他们结盟不过因利驱使。这家伙……难不成还真能是为了他一句感谢,不惜冒这样大的风险?
可正思忖,屋外已经传来脚步声——金枢卫暗卫援兵到了!
来不及细想了!
陆蒙当机立断:“先走,他们人太多了。那小子既然能躲起来,想必暂时还是安全的!”
江瑀长长吐出一口气,做出了自己的抉择。
“好。”他看向陆蒙,道:“你先进去,暗道入口需得关严,否则他们必能顺着暗道追查过去,我来关。

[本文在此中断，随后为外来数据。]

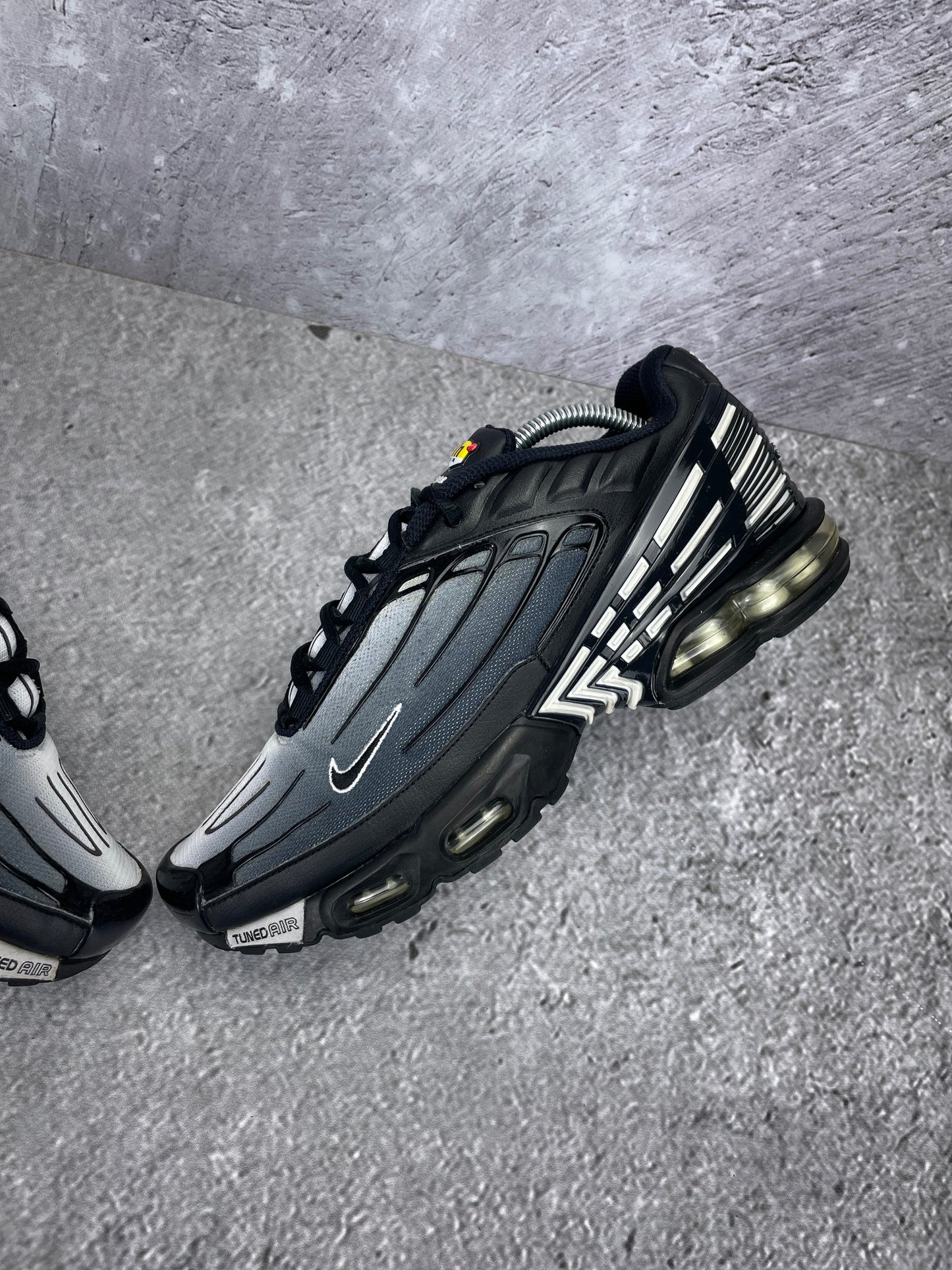 Nike Air Max Plus 3 Black White - buty sportowe, widok z góry na wewnętrzną stronę butów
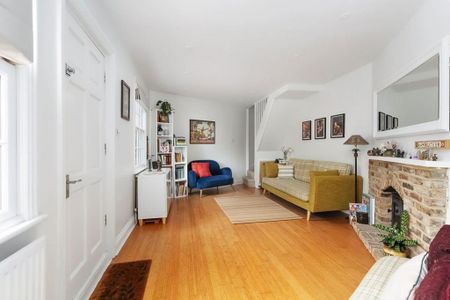 2 bedroom semi-detached house to rent - Photo 2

”
陆蒙的确不了解苏宅暗道,于是也不再浪费时间,闪身躲入:“你快来……”
谁料一扭头,却看到了黑夜中,江瑀一双漆黑冰冷的眼瞳。
陆蒙心下一沉:“江玠之!你想干什么!”
然而话未说完,只听咔哒一声轻响,暗道石门便已在眼前合拢,将二人阻隔开来,连一丝声音也无法透出。

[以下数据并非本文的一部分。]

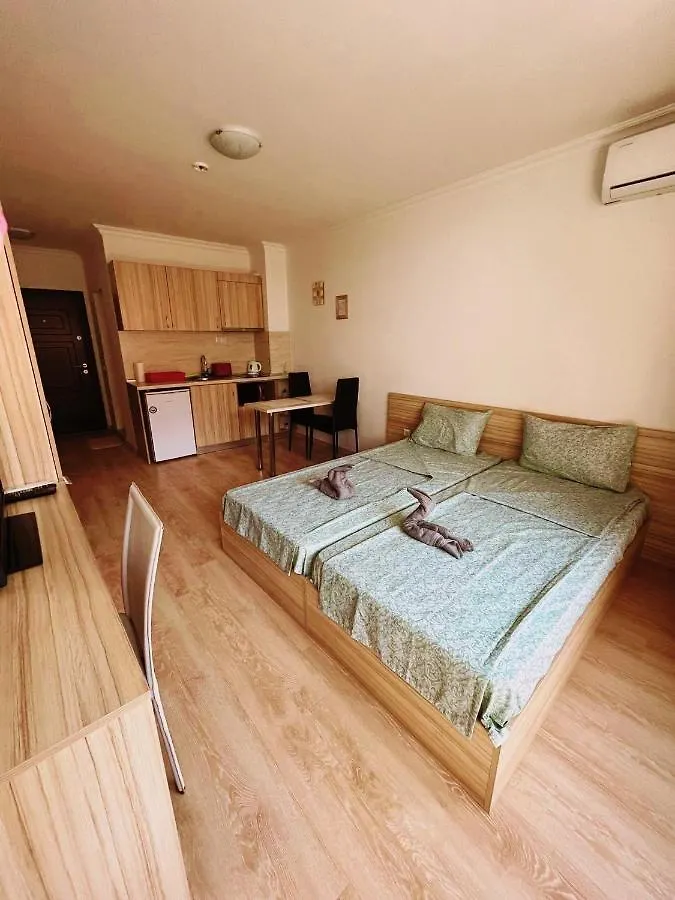 Lovely Studio Apartment On The Beach Бургас Болгария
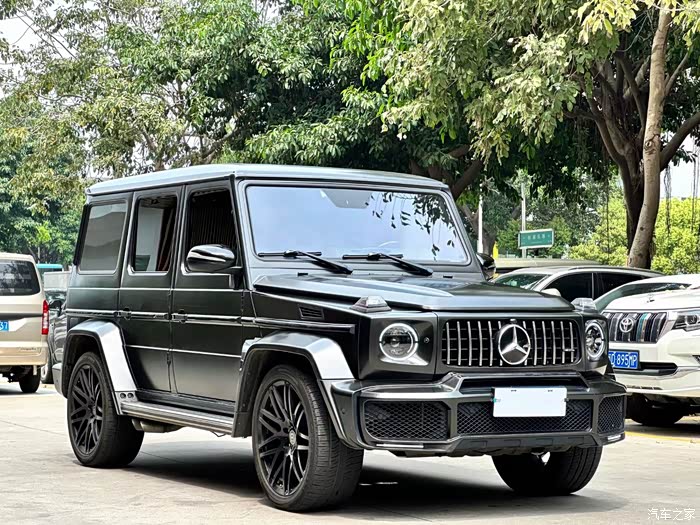 新到18年奔驰g50040tv8改新款巴博斯套件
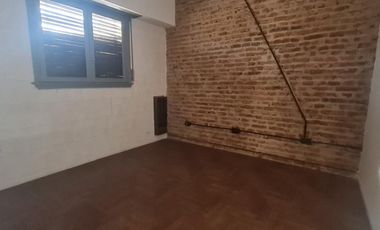 VENTA EN BLOQUE CASA MAS LOCALES EN QUILMES
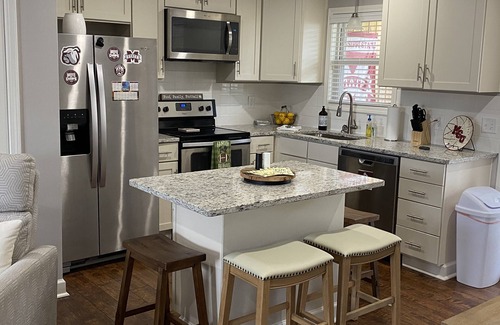 Starkville Condo | 🐾CAMPUS COWBELL🐾 Located on Campus! Goodie basket for guests!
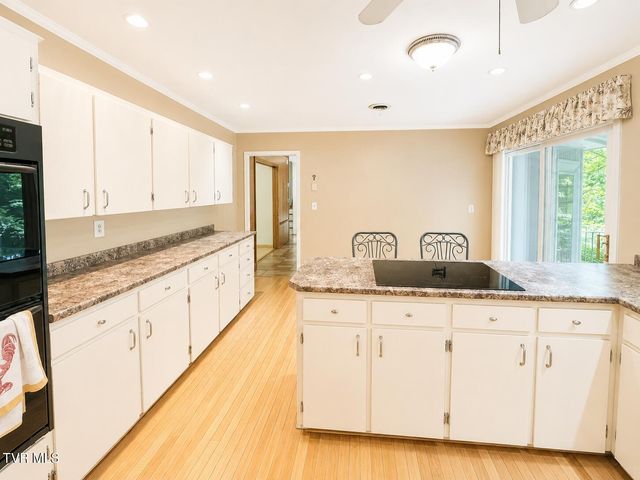 301 Hillside Road, Johnson City, TN 37601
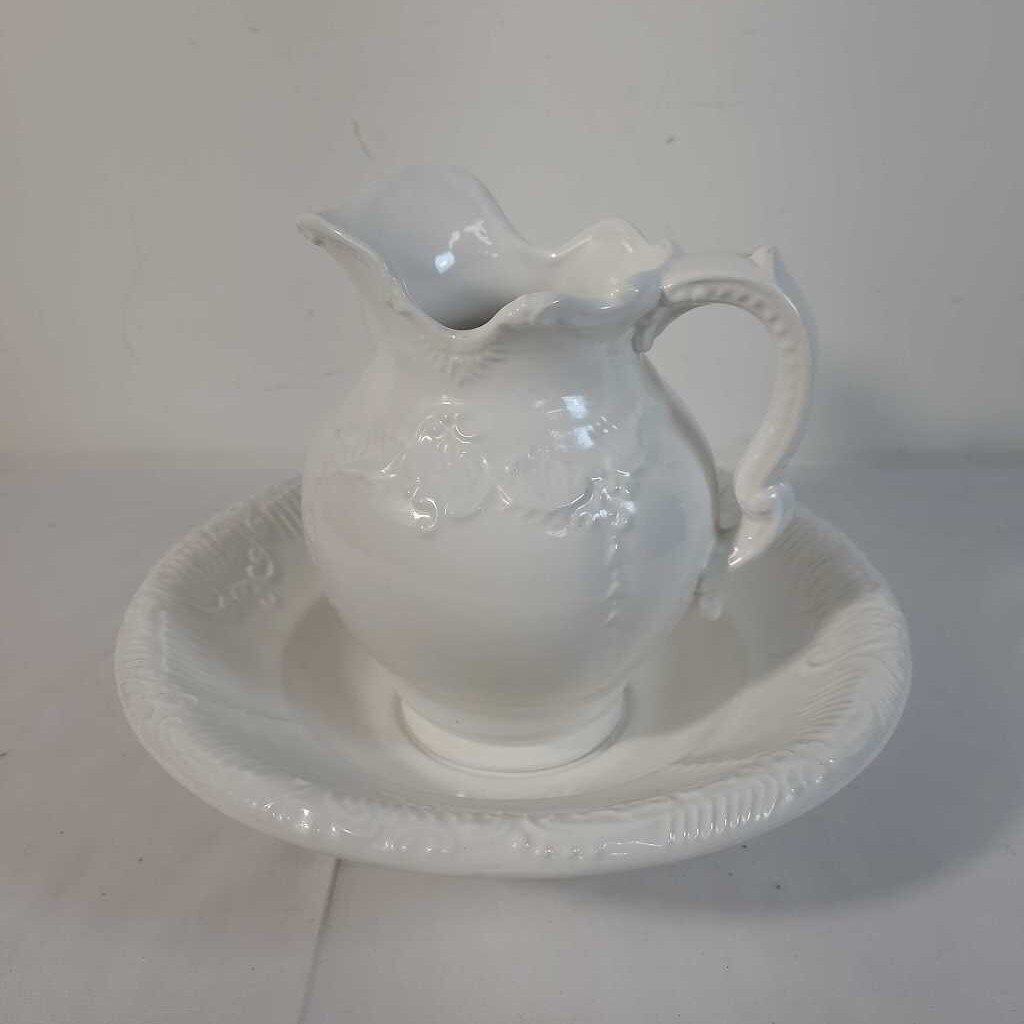 WHITE PITCHER & BOWL SET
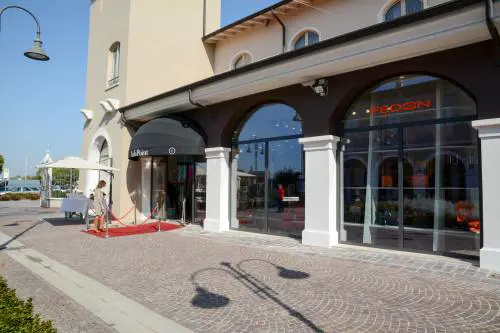 Mantova Outlet Vilage, inaugurato il nuovo infopoint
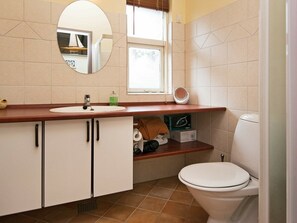 Bathroom - Secluded Holiday Home in Knebel With Stereo Unit (Knebel)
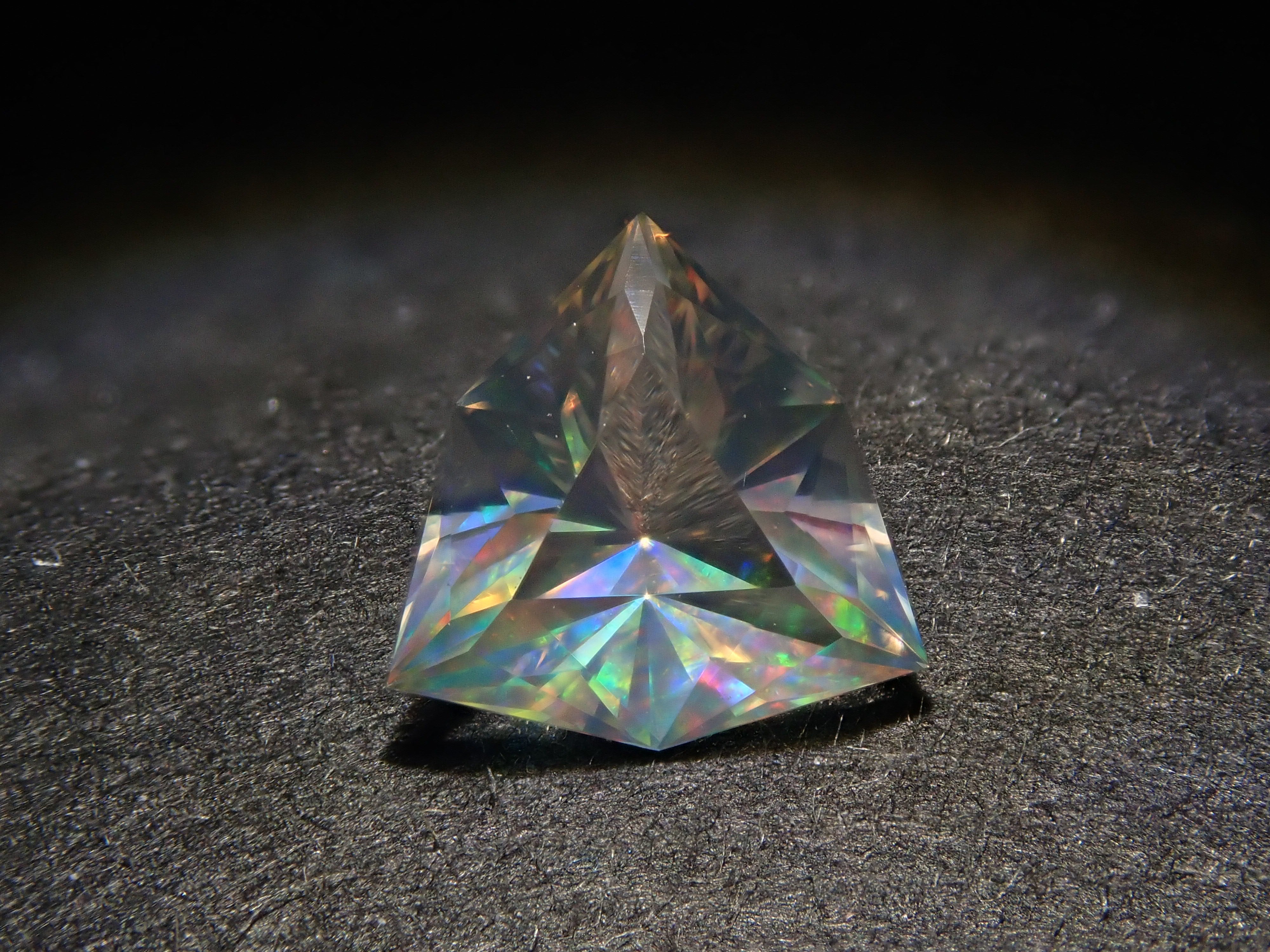 【1/2 22時販売】メキシコ産ファイアオパール(ファセットカット) 0.401ctルース(コントラルスオパール)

机括咬合,任他陆蒙再如何天生神力,肉体凡胎也不能和厚重石墙抗衡。
更何况……
江瑀勾起唇角,露出了一个半嘲不嘲的笑。
陆蒙知道金枢卫已到门外,他若定要在这时候破墙而出,即便能够全身而退,也必将暴露自身。
只要有一个暗卫活着回到皇帝面前,陆蒙和江瑀结盟之事必将败露,皇帝不可能再放陆蒙生路。
陆蒙没那么傻,他才不会做这样的事。
但关于小苏,他不能冒哪怕一丝一毫的风险,他必须确保小苏安然无恙,必须确保万无一失。
他不能信任陆蒙,因为他承担不起赌错的后果。
嘈杂脚步声逼至近前,是金枢卫暗卫已然进入院中。
江瑀虽不擅武斗,却至少身形灵巧,借着夜色将自己隐没在了黑暗中。
正巧这时炭盆中炭火燃尽,最后一丝光也黯淡下去,正好方便了江瑀悄无声息顺着墙根游走。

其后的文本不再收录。